Records for the task

- - - -

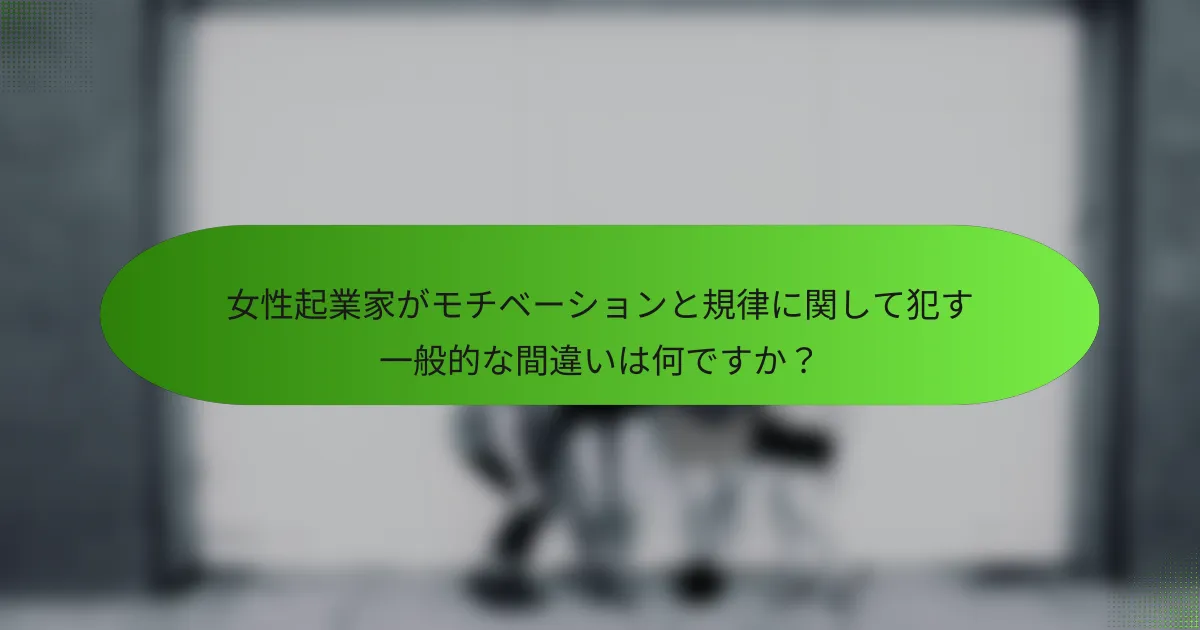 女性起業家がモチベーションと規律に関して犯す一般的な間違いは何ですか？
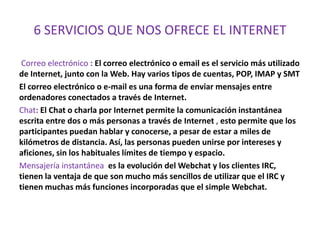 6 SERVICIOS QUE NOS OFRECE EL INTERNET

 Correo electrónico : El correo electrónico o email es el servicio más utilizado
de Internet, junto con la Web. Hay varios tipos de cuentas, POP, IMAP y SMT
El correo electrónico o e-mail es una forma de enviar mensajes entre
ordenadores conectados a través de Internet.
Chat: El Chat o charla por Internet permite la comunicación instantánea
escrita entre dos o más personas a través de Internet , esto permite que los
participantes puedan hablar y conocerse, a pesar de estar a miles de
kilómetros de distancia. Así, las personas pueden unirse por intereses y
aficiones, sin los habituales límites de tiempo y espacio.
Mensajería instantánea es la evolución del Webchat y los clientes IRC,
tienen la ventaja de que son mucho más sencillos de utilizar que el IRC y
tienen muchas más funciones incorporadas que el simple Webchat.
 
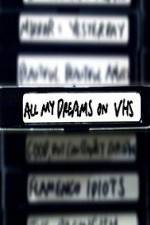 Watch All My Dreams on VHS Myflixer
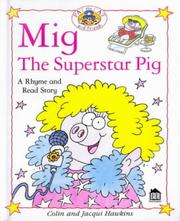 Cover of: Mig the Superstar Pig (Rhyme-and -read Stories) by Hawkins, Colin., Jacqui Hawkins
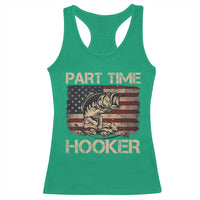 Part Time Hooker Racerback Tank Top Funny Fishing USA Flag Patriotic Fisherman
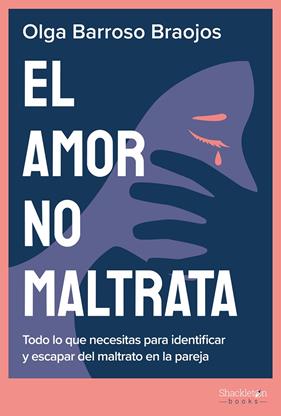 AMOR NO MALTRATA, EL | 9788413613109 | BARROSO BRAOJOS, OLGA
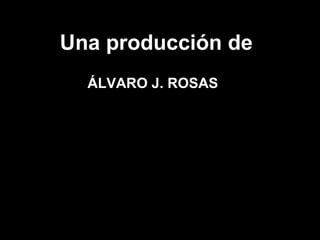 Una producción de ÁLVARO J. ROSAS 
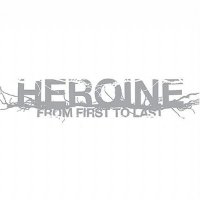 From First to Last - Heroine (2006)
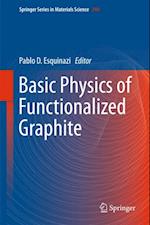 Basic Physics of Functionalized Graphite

- - - -

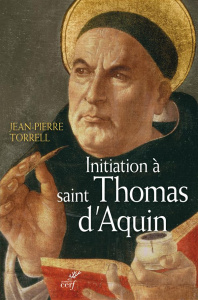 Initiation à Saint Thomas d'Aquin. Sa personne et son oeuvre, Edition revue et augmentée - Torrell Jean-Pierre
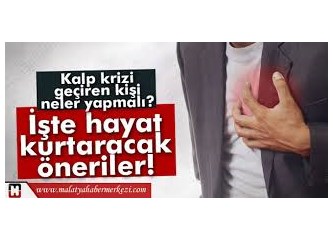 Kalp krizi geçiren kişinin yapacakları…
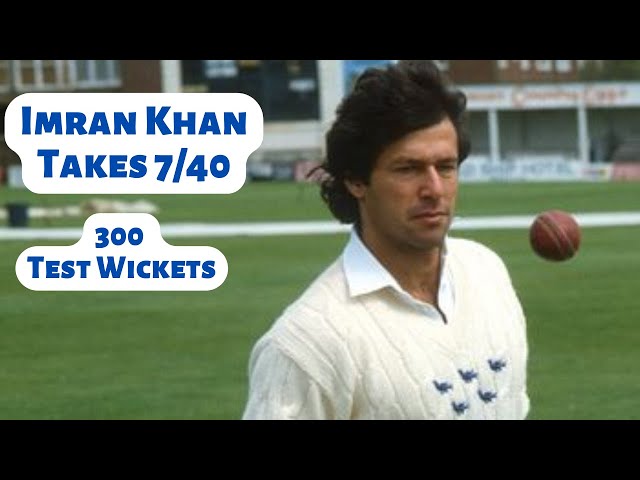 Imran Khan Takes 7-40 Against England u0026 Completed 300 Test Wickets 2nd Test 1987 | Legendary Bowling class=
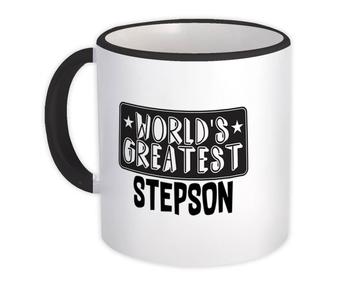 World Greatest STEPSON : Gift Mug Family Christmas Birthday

- - - -

Activity
In the records above, find the line with "aficiones, sin los" and the line with "Basic Physics of Functionalized Graphite". Write out exactly those lines and every one between, with no pictures and no other lines.

Task output
aficiones, sin los habituales límites de tiempo y espacio.
Mensajería instantánea es la evolución del Webchat y los clientes IRC,
tienen la ventaja de que son mucho más sencillos de utilizar que el IRC y
tienen muchas más funciones incorporadas que el simple Webchat.
 
 Watch All My Dreams on VHS Myflixer
 Cover of: Mig the Superstar Pig (Rhyme-and -read Stories) by Hawkins, Colin., Jacqui Hawkins
 Part Time Hooker Racerback Tank Top Funny Fishing USA Flag Patriotic Fisherman
 AMOR NO MALTRATA, EL | 9788413613109 | BARROSO BRAOJOS, OLGA
 Una producción de ÁLVARO J. ROSAS 
 From First to Last - Heroine (2006)
 Basic Physics of Functionalized Graphite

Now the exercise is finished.